Down With Daylight Saving Time?

On March 10, Americans will set their clocks forward an hour in the biannual ritual known as Daylight Saving Time (DST). But the hour of reckoning could be close at hand for DST, if some online petitioners get their way, that is.

A petition seeking to eliminate DST (or make it the year-round standard) has surfaced on the White House's "We the People" crowdsourcing platform. The document, which needs 100,000 signatures to prompt a response from the West Wing, urges President Obama to eliminate the "archaic practice" of adjusting clocks twice a year.

Daylight Saving Time was standardized in the U.S. by the 1966 Uniform Time Act, according to National Geographic. That act has since been amended several times, most recently by the Energy Policy Act of 2005, which extended DST by one month.

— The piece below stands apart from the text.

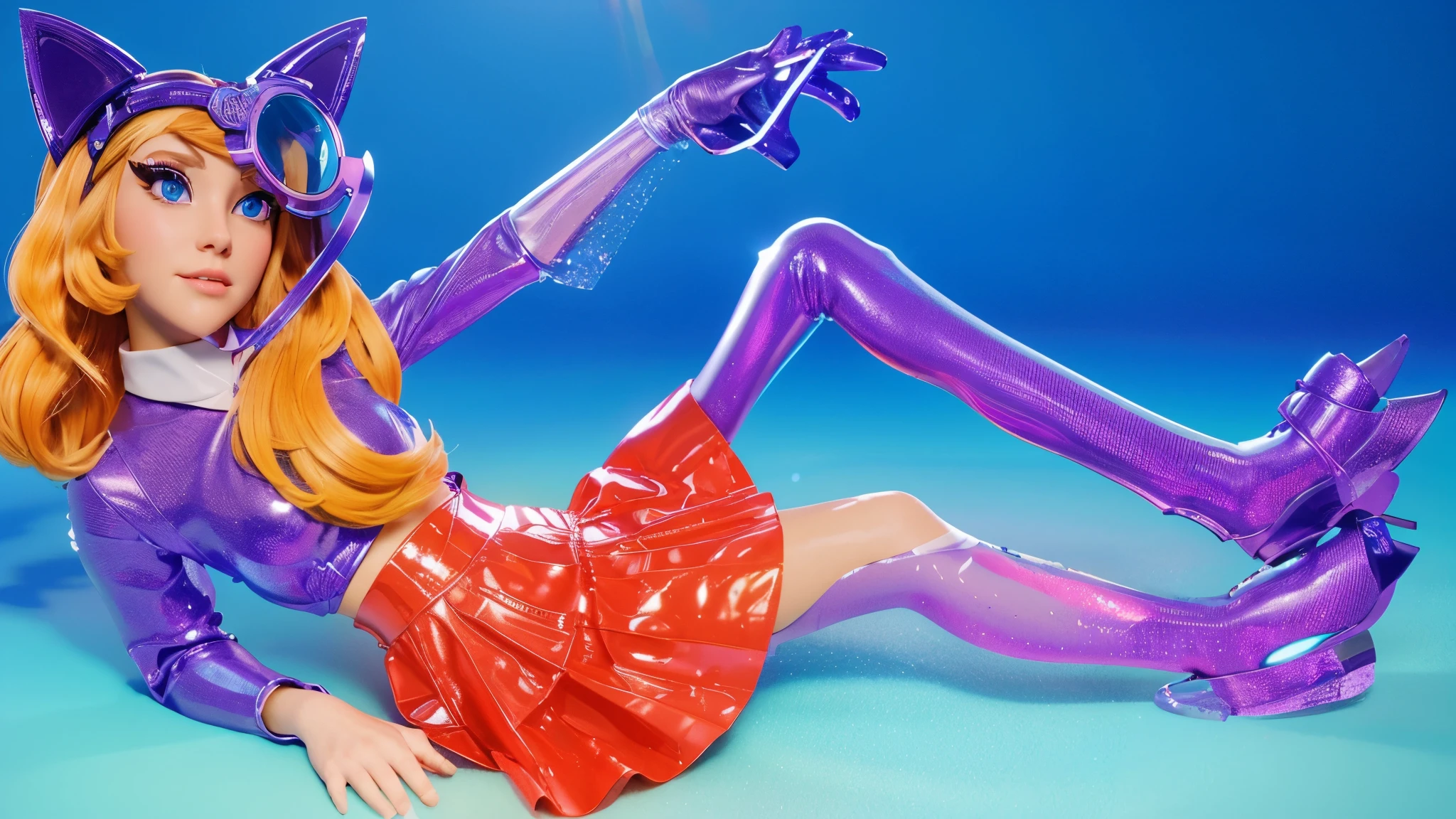 A cartoon character with blonde hair and blue eyes, dressed in a purple top and red skirt, is laying on her back on a blue surface. She has purple cat ears and tail, and is wearing purple gloves and goggles.toy girl, toy doll. glossy texture, smooth 3d model, multiple light sources, rim light, sharp post effects render, (glossy plastic texture with multiple big light probe refractions), perfect cgi, smooth silhouette, high intensity refraction, (super glossy material), most beautiful vfx, blue background, plastic refractions, realistic, 4k, high resolution, rim light, photo shoot, commercial photo, profile shot, 4k, rim light, high resolution, 4k, glossy texture, smooth 3d model, multiple light sources, rim light, sharp post effects render, (glossy water texture with multiple big light probe refractions), perfect cgi, cgi art created only with gradients, smooth silhouette, high intensity refraction, (super glossy water material), most beautiful vfx, blue background, water refractions, multiple light sources, rim light, sharp post effects render, perfect cgi, digital art, detailed digital art, reflective, best quality, 4k, masterpiece:1.2, ultra-detailed, realistic, vivid colors, dark and moody lighting, The image of the highest quality, ensuring every detail showcased perfectly. It in 4k resolution, allowing viewers to immerse themselves in the richness of the colors and intricate details. The realistic rendering. under the spotlight, reflecting, high-resolution image, realistic rendering, dark background, and rim light photorealistic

The "We the People" petition claims that, while some industries still support DST, studies have shown the change is a health risk, leads to a loss in productivity and is "really annoying."

The petition is still many signatures from its goal, however, and may very well join the list of failed petitions, a list that includes a recent request to change the U.S. national anthem to R. Kelly's "Ignition (Remix)."

Though participating areas of the country must switch their clocks on the same day, no federal law forces states to observe the time change, according to National Geographic. Arizona, for example, has not observed DST for decades.